Local hockey players facing off for mental health (GALLERY)
Local hockey teams from the Sarnia Sting to the Lambton Attack have been taping their sticks green this month to send a message that it’s okay to talk about how you’re feeling.
Face-Off for Mental Health, a campaign started by St. Clair Child & Youth Services in 2017, provides coaches, players and parents with information and resources to support youth mental health.
Program Coordinator Liz Page said mental illness impacts one in every five kids, the equivalent to one player on each line of a hockey team.
“Craig McKenzie, one of our directors, sort of had this idea around bringing hockey associations together and seeing if they’d be interested in participating in a campaign to raise awareness for mental health and sort of decrease the stigma and make the rink a safe place to talk.”
Page said as part of the initiative, St. Clair held mental health awareness weekends in various arenas during the month of November.
“We made sure that coaches understood we weren’t expecting them to be therapists or councillors, we really just wanted to help them feel prepared to direct a player or a family to the appropriate resources,” she said. “We have little players as young as four who are getting a helmet sticker and taping their stick green, and coaches are having those conversations around ‘Do you know why we’re doing this? We’re doing it to raise awareness for mental health and we’re doing it so that if you need to talk, you know that the rink is a safe place and there’s trusted adults who can point you in the right direction if you need help.”

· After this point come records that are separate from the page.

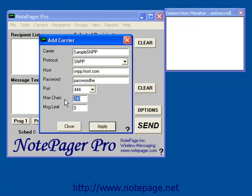The Max Characters field indicates the maximum number of characters that the carrier will accept in a single message. Typically, for cell phones, the Max Characters should be set to 160 characters. For Pagers, it should be set to 240. Some carriers have a message limit, others don't. If your carrier has a message limit, enter it here.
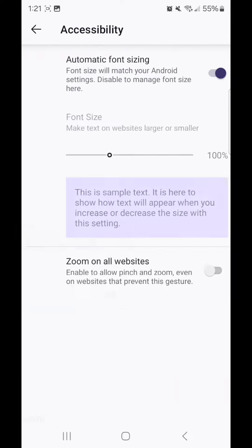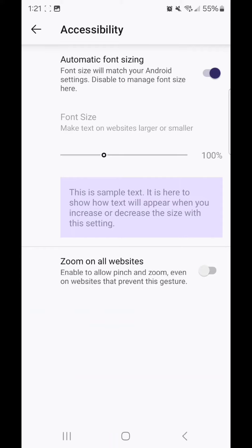Go to accessibility, and as you can see, the font is currently set to 100%, and automatic font sizing is currently turned on.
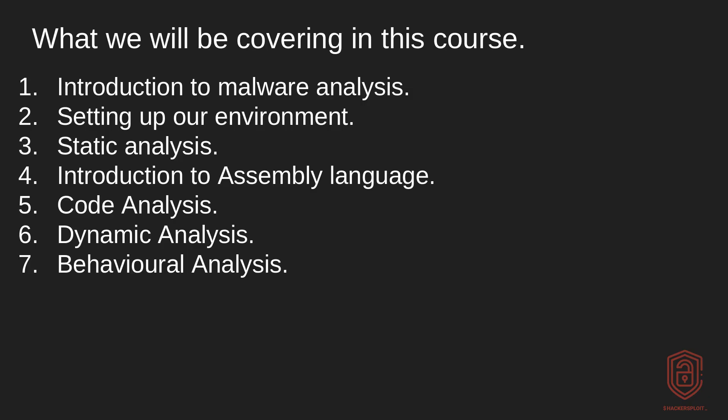We'll then move on to covering static analysis. Of course, we'll be taking a look at extracting strings, the PE header, stuff like that. I then want to cover introduction to assembly language before we take a look at code analysis or dynamic analysis.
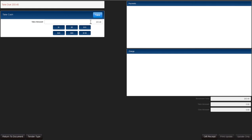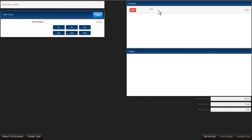Let's say that the customer is giving us $75. We can type that in or we can use our buttons. Choose take.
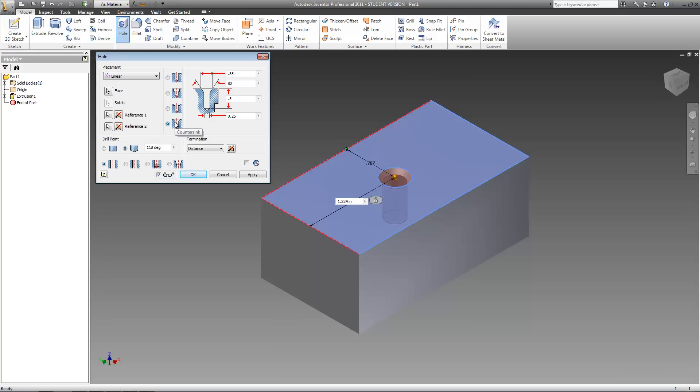As soon as you change your hole type to that, you'll see that the top of your hole is beveled. You can edit the angle of that bevel by changing this value right here. If you want this bevel to be more steep, you can increase this value. So I'll make it 100, and you see it's now steeper.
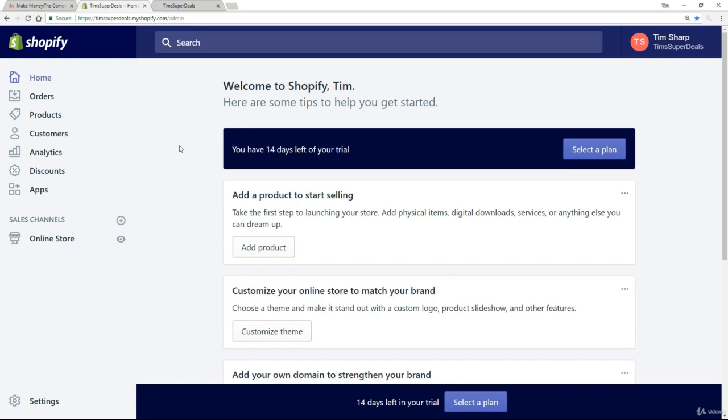For these next few lectures, we're going to put together some essential pages that every store needs, and we're going to start with the contact us page. You might want to do a contact us page and an about us page, or you might want to combine them—in fact, that's the preferred way that I do it.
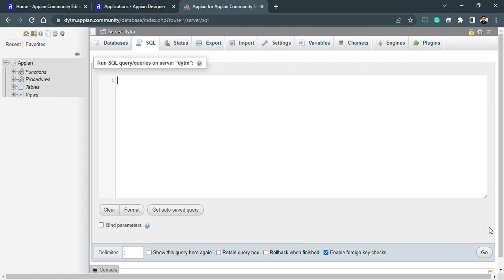Hello everyone, hope everyone is doing fine. Today's video will be very interesting and we will be learning about stored procedures. Let's get started and explore this database first — this database is MariaDB. Before getting into procedures, let's understand what we can do inside a database. Inside a database we have various options like tables, views, procedures, and functions — we can create any of them as per the requirement.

So far, the campaign has relied on donations from individuals and hockey associations, but Page said the goal is to make this a part of what hockey is in our community.

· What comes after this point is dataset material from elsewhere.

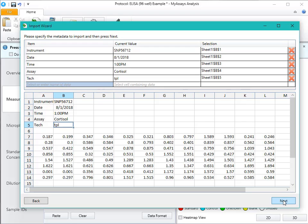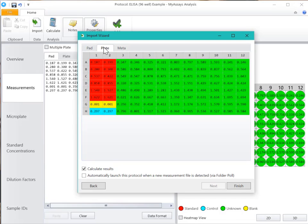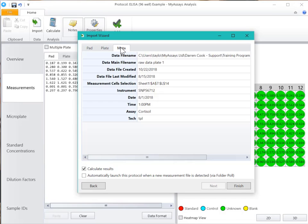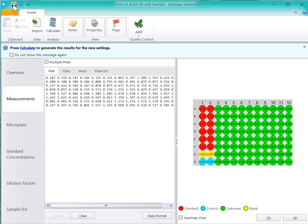I'll click Next. Now you can see the data in a pad format, plate format, as well as the metadata that we selected. I'll click Finish. And now if we choose to save the protocol, these import settings will be saved for the next time the protocol is used.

She said the initiative is also expanding to other sports and other communities, including Kitchener, Stratford and even in the US.
“So we shared our knowledge and hopefully they can kick things off in their own communities and grow it. I think it has the potential to be something provincially that all associations could participate in or put their own spin on it.”
Associations involved in the Face-Off for Mental Health include the Mooretown Flags, Lambton Shores Predators, Point Edward Blackhawks, Sarnia Legionnaires and the Lambton Jr. Sting — Page said Jr. Sting coach Tom Babcock has been instrumental in getting the campaign going.